Ranking- The world's 15 most expensive marinas
by Sail-World Cruising on 4 May 2011
You think your marina berth is too expensive, or you wish they weren't so expensive so you could afford one? Read this article and you'll realise just how cheap your local marina berths are!
Marina Grande Capri .. .
The first surprising piece of news is that the three most expensive marinas in the world do not include the most famed of all luxury yachting destinations, Monaco-Monte Carlo. No, they are all located in Italy.
This is one of the findings to emerge from a ranking list recently compiled by compiled by Engel & Völkers, a real estate-turned-yacht-brokerage firm.
They have now produced a league table for the first time ranking the 15 most expensive marinas in the world.
The mooring fees charged for a 55-metre superyacht during the high season was the variable used to form the basis for the ranking list, which is headed by the Marina Grande on Capri.
Renting a berth for a 55-metre superyacht here costs 2,585 euros per day
during the high season. This is followed by Porto Cervo on Sardinia with daily rates of 2,574 euros, then the Marina di Portofino on the Amalfi coast with rates amounting to 2,100 euros.
In addition to the location and services that a marina has to offer, there is one pricing factor that has a particularly strong impact on the high fees. Iñigo Nicholson, Licence Partner of Engel & Völkers Yachting Madrid and Marbella, regards a scarce supply of berths as being the most significant price driver: 'Yacht berths in exclusive locations are an extremely rare and highly sought-after commodity. In a similar way to real estate, high demand for a very limited number of spaces leads to a soaring inflation of prices.'
The industry specialist is not surprised therefore that Capri makes the top spot of the ranking list of the highest priced moorings for ‘floating homes’. After all, the hilly isle off the Amalfi coast only has ten yacht berths available that are large enough to accommodate the superyachts listed by Engel & Völkers.
Just behind the Italian frontrunners, in fourth place on the ranking list, is Puerto José Banus in Marbella on the Costa del Sol, where yacht owners pay 2.069 euros per day. In fifth place, at 1.643 euros per day, is the Balearic marina of Ibiza Magna. In comparison with Capri, yacht owners only pay around half of the daily mooring fee (1.356 euros) in France’s most expensive marina – Port de Saint-Tropez, which comes in sixth place.

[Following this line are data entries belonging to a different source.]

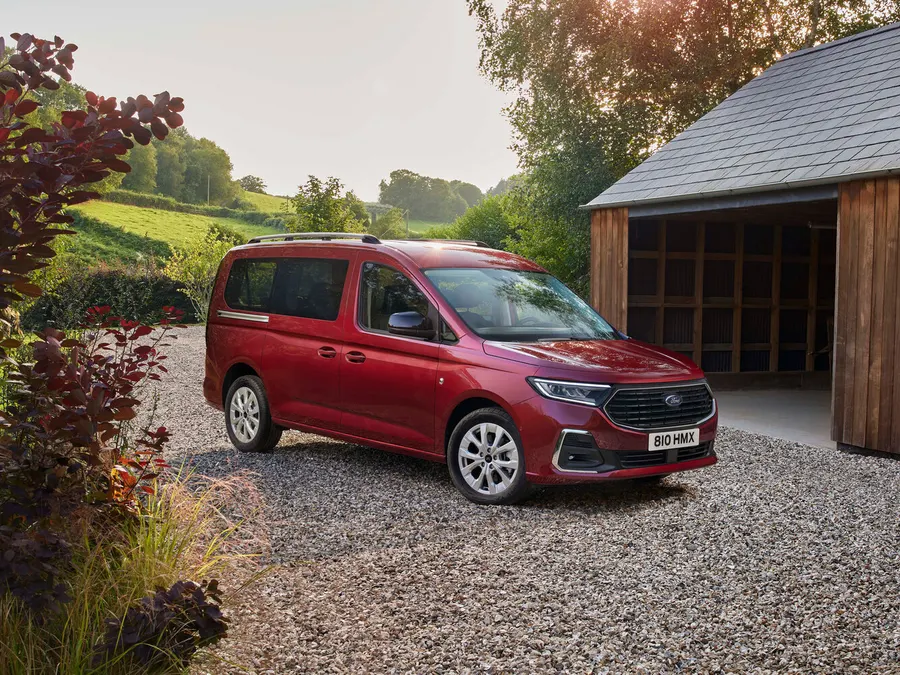 Ford Tourneo Connect — фото модели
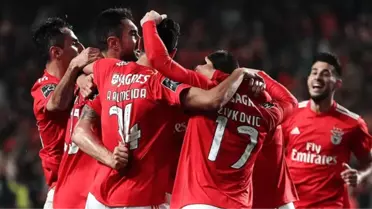 Galatasaray'ın Rakibi Benfica, Ligde 2-0 Geriye Düştüğü Maçı 4-2 Kazandı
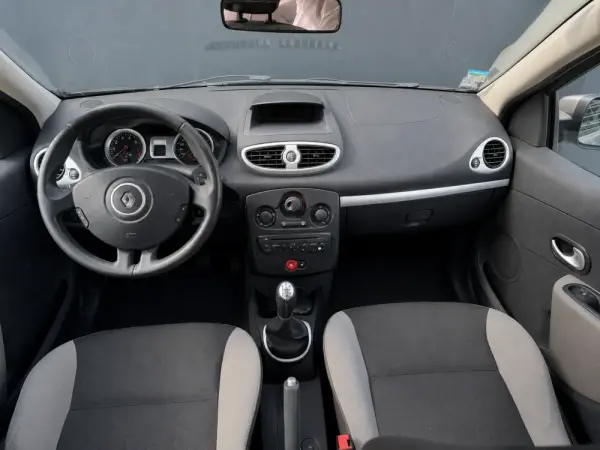 Renault Clio Break 1.2 16V Confort 130g 7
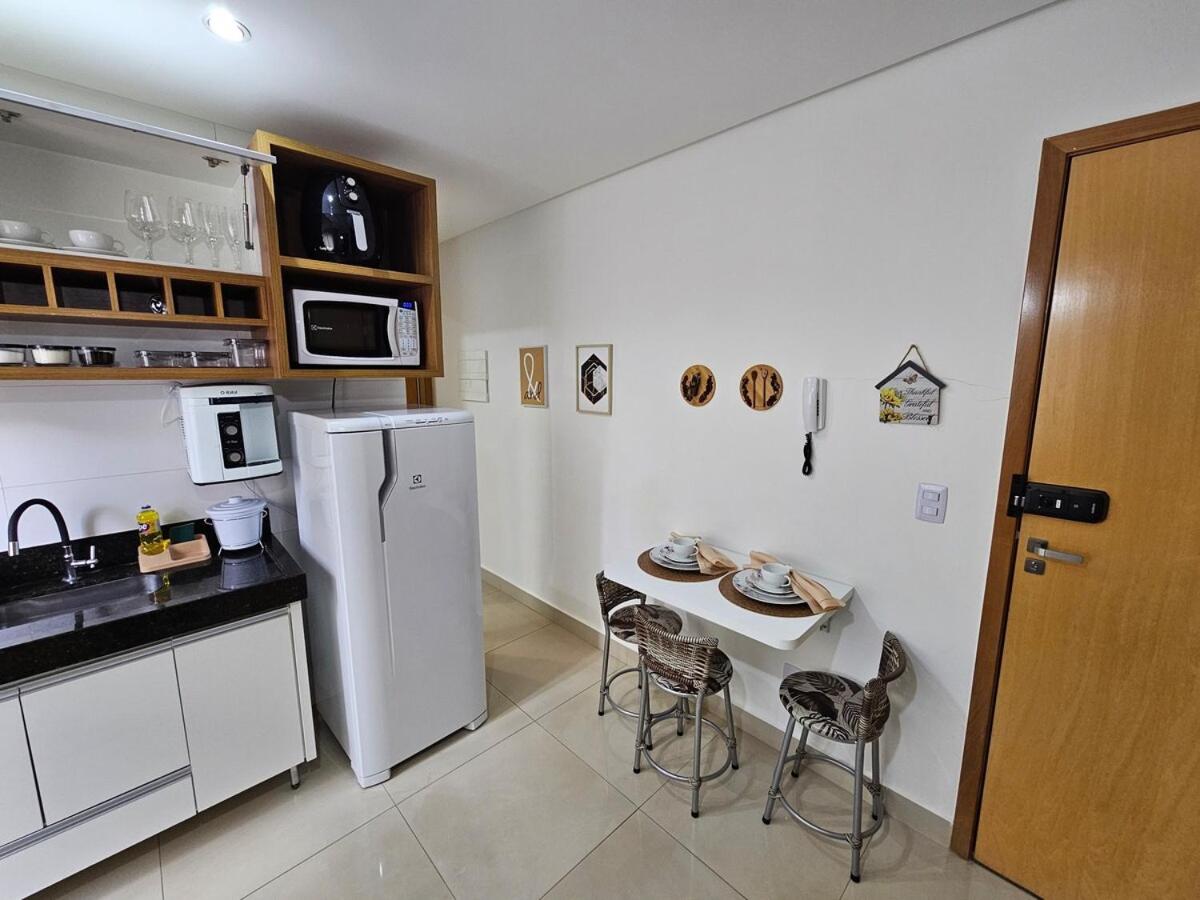 Flat Lindíssimo de 2qts uma esquina do Flamboyant Shopping 206 - B&B Goiânia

This is no indication that the exclusive holiday domicile on the Côte d’Azur is any less popular. But Port de Saint-Tropez does offer no less than 30 yacht moorings in the size category surveyed by Engel & Völkers. Seventh place is occupied by the marina Port Camille Rayon in Golfe Juan, also located in the south of France. In the small coastal resort between Antibes and Cannes, owners of a 55-metre superyacht can expect to pay 1.100 euros per day. In Barcelona, the equivalent rate is slightly lower in price, costing 1.084 euros per day at the Marina Port Vell in the Spanish city.
Croatia more expensive than Monaco:
Marinas in Eastern Europe offer yacht berths at significantly cheaper rates compared to the Italian leaders in the ranking list. The ACI Marina in the Croatian resort of Split comes in ninth place at a rate of 1.001 euros per day. It is followed in tenth place by the only marina located outside Europe to make the list: The Yacht Haven Grande on the island of St. Thomas, US Virgin Islands, where owners pay a daily mooring fee of 889 euros. Port Hercules in Monaco holds eleventh place at 888 euros, closely followed by two Turkish marinas: Satur Marina Kalamis in Istanbul with a daily rate of 882 euros and Satur Marina Çesme in Izmir at 743 euros per day. The Italian Porto San Rocco on the Adriatic coast comes in fourteenth place at 720 euros per day, while Port de la Plaisance de Bonifacio on Corsica rounds off the ‘list of the best’ compiled by Engel & Völkers, coming in fifteenth place with a daily rate of 690 euros.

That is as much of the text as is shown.